Microlithographic manufacturing systems and microscopic inspection systems continue to evolve for imaging smaller and smaller feature sizes. Ultimately, the minimum feature size depends upon the wavelength of the illumination. Shorter wavelengths are required for smaller feature sizes. Imaging systems now successfully operate at wavelengths as small as 193 nanometers, but the next generation of microlithographic imaging is expected to operate at even smaller wavelengths of around 157 nanometers. Microscopic inspection systems are also being developed to operate at the smaller wavelengths.
Not many materials have appropriate optical characteristics for producing images at wavelengths of light within the deep-ultraviolet spectrum near 157 nanometers in wavelength. The most promising candidate is calcium fluoride (CaF2), which has a cubic crystalline structure. However, calcium fluoride (CaF2) has been found to exhibit an intrinsic birefringence at 157 nanometer wavelengths. No birefringence is evident for light rays normal to the crystal's {111} planes; but rays with angular departures, which involve transmissions through other planes (e.g., {110}, {101}, and {011} planes), produce birefringence that increases at different rates in different directions. Peak birefringence is apparent in three evenly spaced directions, which is referred to as “three-fold symmetry”.
A number of solutions have been proposed to avoid or reduce the intrinsic birefringence. Some work is underway mixing crystalline materials with opposite birefringence, such as mixing barium fluoride (BaF2) with calcium fluoride, to produce a compound crystalline structure that is free of birefringence through a range of directions. Another approach assembles optical elements made of different materials having opposite signs of intrinsic birefringence for diminishing cumulative effects of birefringence.
A single birefringent material (e.g., calcium fluoride) has also been proposed for use among multiple optics that are relatively varied in angular orientation around an optical axis to balance the effects of birefringence in different directions. This procedure is referred to as clocking. For example, the peak birefringence of calcium fluoride occurs in three evenly spaced directions around the axis of the (111) plane. Successive optics can be arranged with their (111) plane's axis aligned with a common optical axis but each angularly rotated by different amounts around the common optical axis (i.e., clocked) to evenly distribute the directionally sensitive birefringence.
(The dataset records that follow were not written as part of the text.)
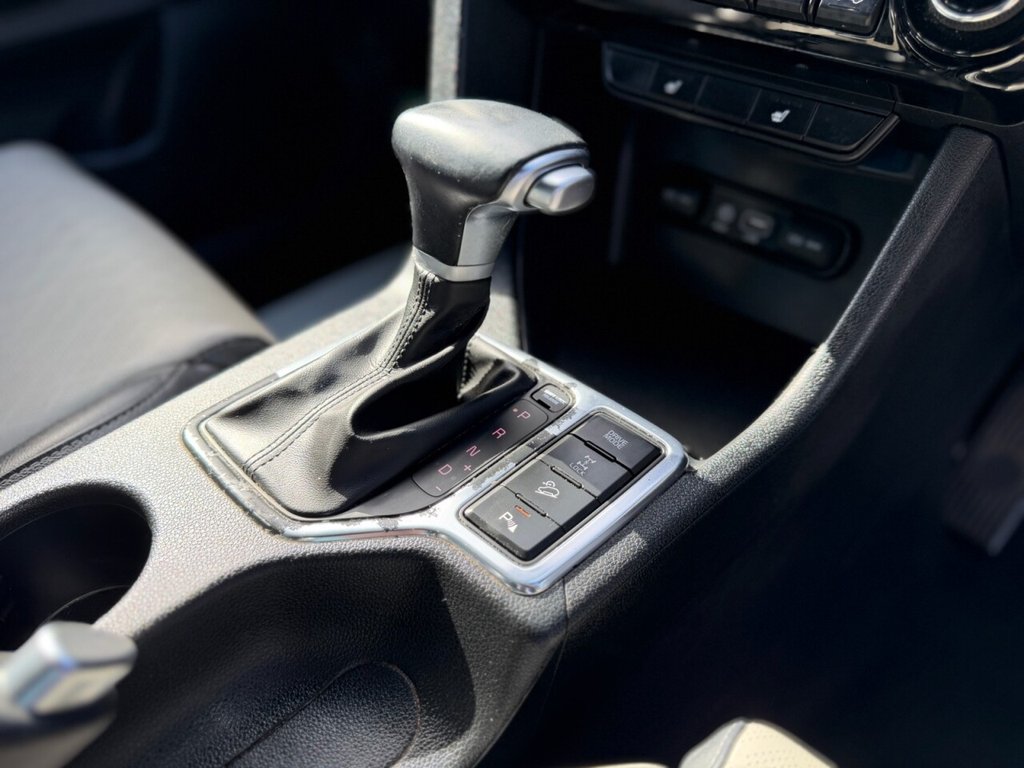 Used Kia Sportage 2018 for sale - 77685281: Photo 11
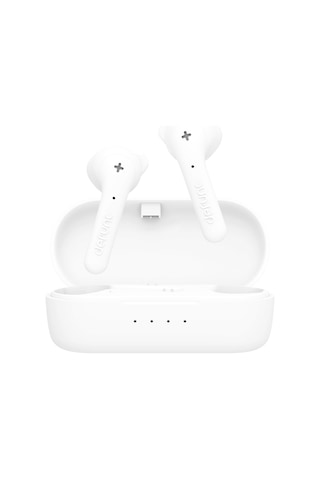 Defunc True Music Bluetooth Kulak İçi Kulaklık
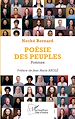 Télécharger le livre :  Poésie des peuples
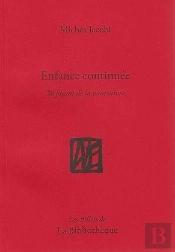 Enfance Continuée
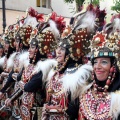 Grao de Castellón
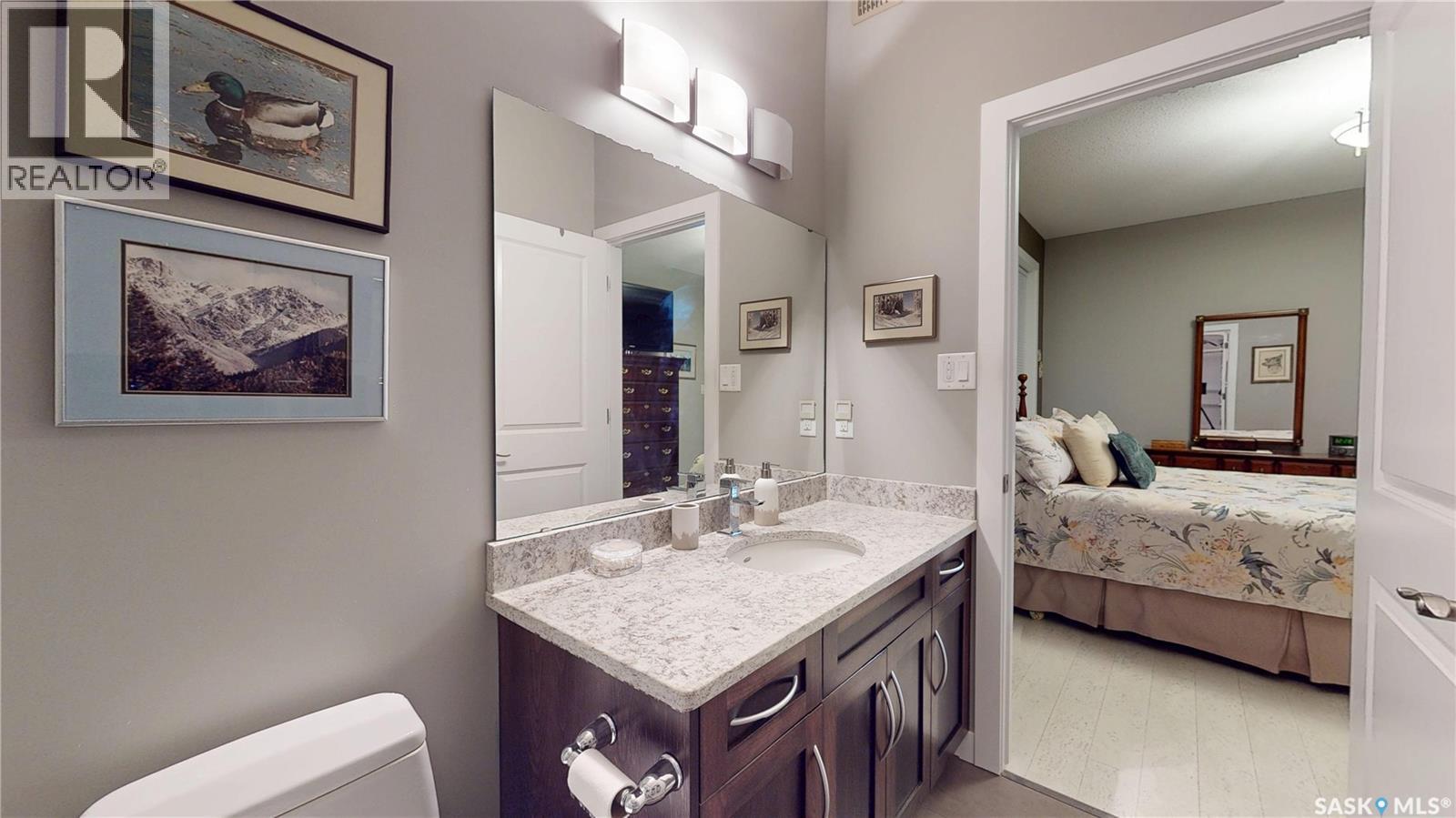 1646 Badham Boulevard, Regina, Saskatchewan  S4P 0J7 - Photo 25 - SK025911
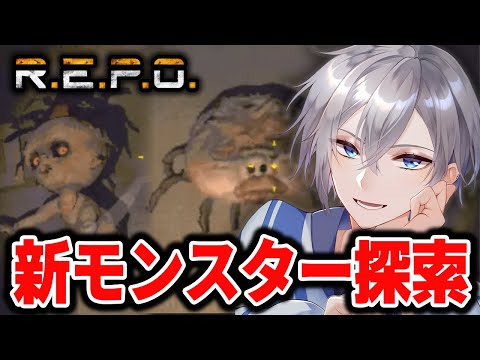 thumbnail_VZTfi5sgDvg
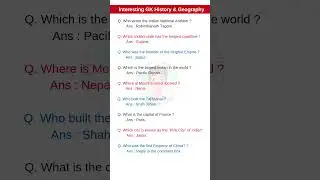 What is the capital of France | GK #shorts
Similar clocking effects can be achieved by orienting other of the crystal's planes, such as the crystal's {001} or {110} planes, normal to the optical axis and rotating successive optics by different amounts around the optical axis.
Imaging systems containing optics made from amorphous materials can also exhibit similar birefringence effects, particularly where light rays depart significantly from the optical axis, such as in systems with high numerical aperture. Such birefringence is generally evenly distributed around the optical axis.